I have been having some serious issues lately. Nothing that I can’t deal with – but my anxieties have been through the roof. Putting one foot in front of the other has been really difficult.
Since having a very public falling out with someone I once thought I could love at one time. This person proved on a very colossal scale that he not only didn’t listen to a word I said, maybe ever, but he spent a long time trying to convince everyone that, in fact, I was the one who was in the wrong. Because of my unfailing desire to see people redeem themselves, I let him back into my life after he proved beyond a shadow of a doubt that he really only was capable of caring for himself.
I’ve been gone from my usual omni-present all absorbing guild leading perch. Mostly, that’s because my real life explodes in the summertime. I’ve worked very hard to branch out, and do some new things this year. Including a professional theater venture.
It seems that no matter how much good I do in life, how good I seem to be at some things – lately it’s been that asshole echoing in my head. The worst part? The people closest to me, one in particular – I can’t really talk about how I feel. Why? “Just get over it.” Or yelling at me for having emotions about this. Apparently I’m not supposed to be human and allow these things to get to me. The people I have in my life are wonderful, but because of cultural differences and past behavior indicators – I just haven’t bothered to bring most of this up. I am also positive that if I do speak about it, this person will take it as some kind of deep personal flaw and close off. Because God(s) knows it’s not about me just needing to talk. It’s gotta be a huge deal. I’m either going to get yelled at and feel worse and told to “just get over it” or I’m going to make someone I deeply care ably feel like shit about themselves.
All of this AFTER dealing with a very public, very mean send off from a very manipulative person I should have told to f*ck off a long time ago.
Truthfully, it is moments like this when I just want to take my autism, and all my books, and everything I need and hole up in a room somewhere. I don’t understand people…that much is clear. It is becoming increasingly challenging to have people close to me who don’t understand mental illness, PTSD and autism. This whole “just get over it and focus on yourself” attitude that MOST of my friends have usually ends up making me feel worse about myself and more alone. I’m also positive that most of this is my fault because if I could just let go of things like this – if I could just move on – I wouldn’t need help.
My whole life it has been hard for me. I remember things as if they had just happened yesterday. Even if they happened 15 years ago. I have to actively work, everyday to not let my memory color my interactions with others. When things like this happen, and I lose a friend – even if they were a deeply flawed manipulative asshole who probably never listened to a word I said unless he thought he could use it against me or hurt someone else with it – still hurts.

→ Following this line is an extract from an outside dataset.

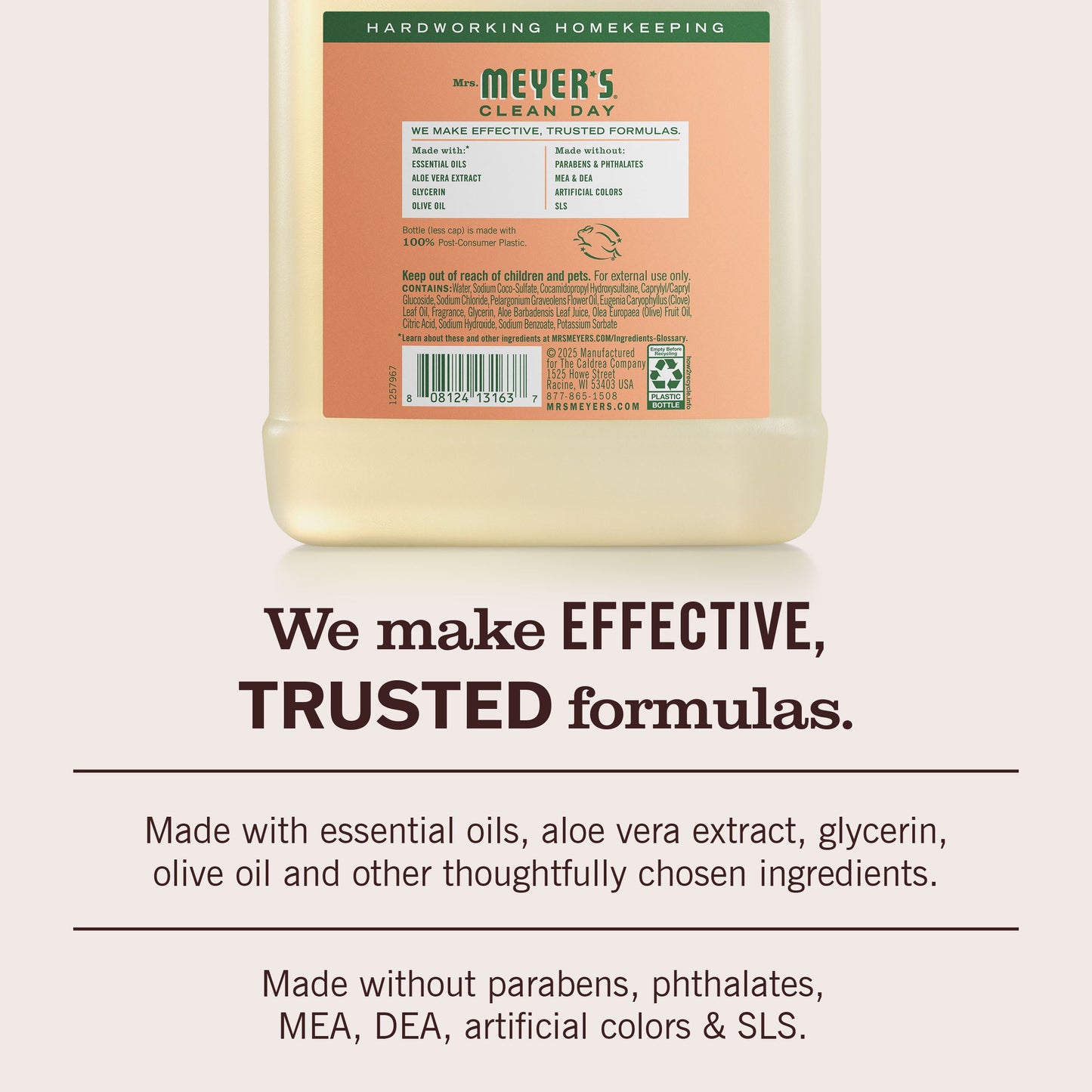 Mrs. Meyers Geranium Liquid Hand Soap Refill - for Hand Care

When things like this happen, it makes me question everything. Every connection I make. If my judgement is that off in one manner, am I just surrounding myself with emotionally disconnected sociopaths? And not realizing it?

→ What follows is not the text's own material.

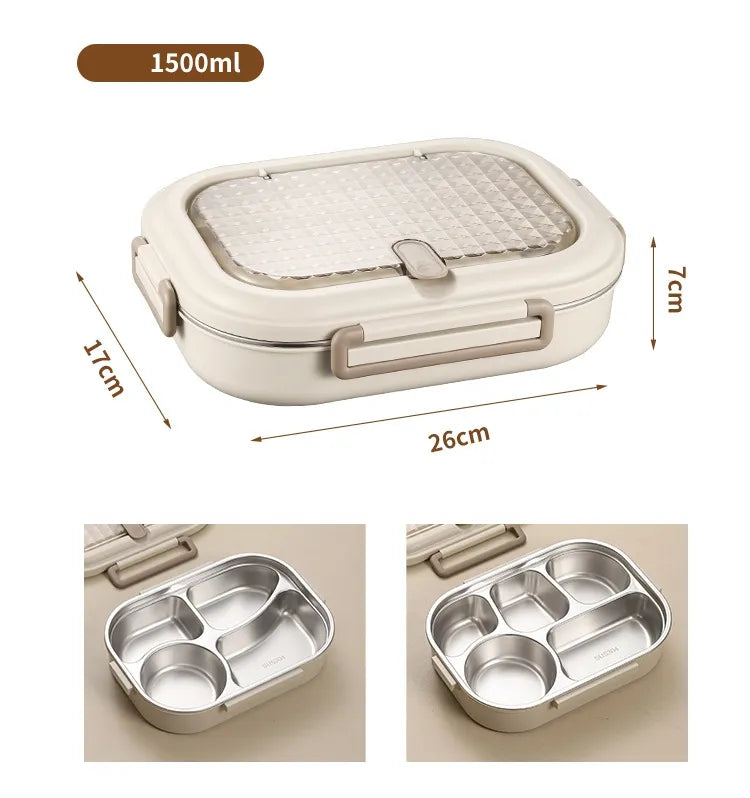 304 Stainless Steel Microwaveable Bento Box Zpaxo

It does seem to be a repeating theme in my very flawed relationships. I don’t understand people very well.
So, lately, I’ve been doing what I normally do when something like this blows up in my face. I’ve been burying myself in work. I’ve been pulling away from people to heal. I’ve been wracked with the memories of things, and combing through every memory I have, trying to see where my processes are flawed.
The view of the world from inside my own head is maddening. I will figure it out. I always do. I have people I love very much that are helping me open up and heal. Even if they are gruff.
The world is spinning pretty fast right now, but only through things like this do we get stronger. Only through making mistakes, do we learn.
And hey, that’s one person I know for sure will never be able to make me cry again. Even in frustration.
I have much to do these coming weeks. Makeup, costumes, corsets, and many more work things I’ve dived into.
I’m looking forward to seeing the sun setting over the skyline of Chicago. It will be a good month, even better now that the weeds are out of the garden. No matter how much it hurts.